Here we have my reading problem in a nutshell, for books insist we take the opposite position, that we immerse, slow down. “After September 11,” Mona Simpson wrote as part of a 2001 LA Weekly round-table on reading during wartime, “I didn’t read books for the news. Books, by their nature, are never new enough.” By this, Simpson doesn’t mean she stopped reading; instead, at a moment when it felt as if time was on fast forward, she relied on books to pull back from the onslaught, to distance herself from the present as a way of reconnecting with a more elemental sense of who we are.

Of course, the source of my distraction is somewhat different: not an event of great significance but the usual ongoing trivialities. I am too susceptible, it turns out, to the tumult of the culture, the sound and fury signifying nothing. For many years, I have read, like E.I. Lonoff in Philip Roth’s “The Ghost Writer,” primarily at night -- a few hours every evening once my wife and kids have gone to bed. These days, however, after spending hours reading e-mails and fielding phone calls in the office, tracking stories across countless websites, I find it difficult to quiet down. I pick up a book and read a paragraph; then my mind wanders and I check my e-mail, drift onto the Internet, pace the house before returning to the page. Or I want to do these things but don’t. I force myself to remain still, to follow whatever I’m reading until the inevitable moment I give myself over to the flow. Eventually I get there, but some nights it takes 20 pages to settle down. What I’m struggling with is the encroachment of the buzz, the sense that there is something out there that merits my attention, when in fact it’s mostly just a series of disconnected riffs and fragments that add up to the anxiety of the age.

Yet there is time, if we want it. Contemplation is not only possible but necessary, especially in light of all the overload. In her recent essay collection “The Winter Sun” (Graywolf: 196 pp., $15 paper), Fanny Howe quotes Simone Weil: “One must believe in the reality of time. Otherwise one is just dreaming.” That’s the point precisely, for without time we lose a sense of narrative, that most essential connection to who we are. We live in time; we understand ourselves in relation to it, but in our culture, time collapses into an ever-present now. How do we pause when we must know everything instantly? How do we ruminate when we are constantly expected to respond? How do we immerse in something (an idea, an emotion, a decision) when we are no longer willing to give ourselves the space to reflect?

This is where real reading comes in -- because it demands that space, because by drawing us back from the present, it restores time to us in a fundamental way. There is the present-tense experience of reading, but also the chronology of the narrative, as well as of the characters and author, all of whom bear their own relationships to time. There is the fixity of the text, which doesn’t change whether written yesterday or a thousand years ago. St. Augustine composed his “Confessions” in AD 397, but when he details his spiritual upheaval, his attempts to find meaning in the face of transient existence, the immediacy of his longing obliterates the temporal divide. “I cannot seem to feel alive unless I am alert,” Charles Bowden writes in his recent book, “Some of the Dead Are Still Breathing” (Houghton Mifflin Harcourt: 244 pp., $24), “and I cannot feel alert unless I push past the point where I have control.” That is what reading has to offer: a way to eclipse the boundaries, which is a form of giving up control.

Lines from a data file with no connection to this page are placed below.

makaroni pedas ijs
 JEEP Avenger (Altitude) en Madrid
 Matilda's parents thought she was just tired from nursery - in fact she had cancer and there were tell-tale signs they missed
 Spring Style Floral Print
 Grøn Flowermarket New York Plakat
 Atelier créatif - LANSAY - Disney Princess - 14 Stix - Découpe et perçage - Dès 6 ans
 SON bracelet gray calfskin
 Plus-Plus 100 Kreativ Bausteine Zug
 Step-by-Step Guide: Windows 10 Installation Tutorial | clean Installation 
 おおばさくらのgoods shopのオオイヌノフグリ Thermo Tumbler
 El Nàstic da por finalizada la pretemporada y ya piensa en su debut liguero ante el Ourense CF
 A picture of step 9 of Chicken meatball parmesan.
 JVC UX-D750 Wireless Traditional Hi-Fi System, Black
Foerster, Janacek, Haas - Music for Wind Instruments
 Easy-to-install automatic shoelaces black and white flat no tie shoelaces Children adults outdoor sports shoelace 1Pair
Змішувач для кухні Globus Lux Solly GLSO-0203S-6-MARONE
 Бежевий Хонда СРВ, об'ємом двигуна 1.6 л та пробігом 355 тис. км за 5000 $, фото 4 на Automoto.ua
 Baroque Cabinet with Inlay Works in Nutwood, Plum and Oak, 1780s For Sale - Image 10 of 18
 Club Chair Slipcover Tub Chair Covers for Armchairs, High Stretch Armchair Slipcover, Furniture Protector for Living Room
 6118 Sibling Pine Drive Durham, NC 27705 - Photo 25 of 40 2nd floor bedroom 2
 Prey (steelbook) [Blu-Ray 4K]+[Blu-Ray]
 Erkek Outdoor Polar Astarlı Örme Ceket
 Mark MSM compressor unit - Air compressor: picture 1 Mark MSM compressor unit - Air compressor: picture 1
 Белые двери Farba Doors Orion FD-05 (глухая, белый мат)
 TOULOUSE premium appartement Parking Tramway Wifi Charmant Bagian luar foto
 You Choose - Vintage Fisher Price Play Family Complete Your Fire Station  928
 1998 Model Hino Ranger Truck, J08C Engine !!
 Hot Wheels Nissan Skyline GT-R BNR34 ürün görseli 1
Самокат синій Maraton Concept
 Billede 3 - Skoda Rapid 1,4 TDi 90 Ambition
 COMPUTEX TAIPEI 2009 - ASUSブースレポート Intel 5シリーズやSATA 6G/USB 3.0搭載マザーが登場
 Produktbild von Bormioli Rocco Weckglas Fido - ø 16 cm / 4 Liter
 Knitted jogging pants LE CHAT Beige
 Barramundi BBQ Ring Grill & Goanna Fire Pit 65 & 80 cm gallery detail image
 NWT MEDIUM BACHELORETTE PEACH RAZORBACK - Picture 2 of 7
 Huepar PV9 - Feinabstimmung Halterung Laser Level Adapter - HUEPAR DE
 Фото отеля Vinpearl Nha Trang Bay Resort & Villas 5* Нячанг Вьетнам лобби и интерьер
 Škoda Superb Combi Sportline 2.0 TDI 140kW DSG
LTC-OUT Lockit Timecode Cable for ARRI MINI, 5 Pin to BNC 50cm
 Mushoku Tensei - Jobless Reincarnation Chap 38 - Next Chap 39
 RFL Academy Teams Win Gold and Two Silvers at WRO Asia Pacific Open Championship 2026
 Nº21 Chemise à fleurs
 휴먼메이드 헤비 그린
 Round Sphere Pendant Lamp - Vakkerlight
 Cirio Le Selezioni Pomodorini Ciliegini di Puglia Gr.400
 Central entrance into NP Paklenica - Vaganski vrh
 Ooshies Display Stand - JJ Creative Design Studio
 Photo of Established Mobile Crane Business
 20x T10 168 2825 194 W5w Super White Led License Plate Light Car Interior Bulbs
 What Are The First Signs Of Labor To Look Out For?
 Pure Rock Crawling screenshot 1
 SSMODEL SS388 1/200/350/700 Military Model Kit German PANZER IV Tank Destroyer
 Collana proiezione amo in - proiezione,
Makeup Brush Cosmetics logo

Here we have the paradox, since in giving up control we somehow gain it, by being brought in contact with ourselves. “My experience,” William James once observed, “is what I agree to attend to” -- a line Winifred Gallagher uses as the epigraph of “Rapt: Attention and the Focused Life” (Penguin Press: 244 pp., $25.95). In Gallagher’s analysis, attention is a lens through which to consider not just identity but desire. Who do we want to be, she asks, and how do we go about that process of becoming in a world of endless options, distractions, possibilities?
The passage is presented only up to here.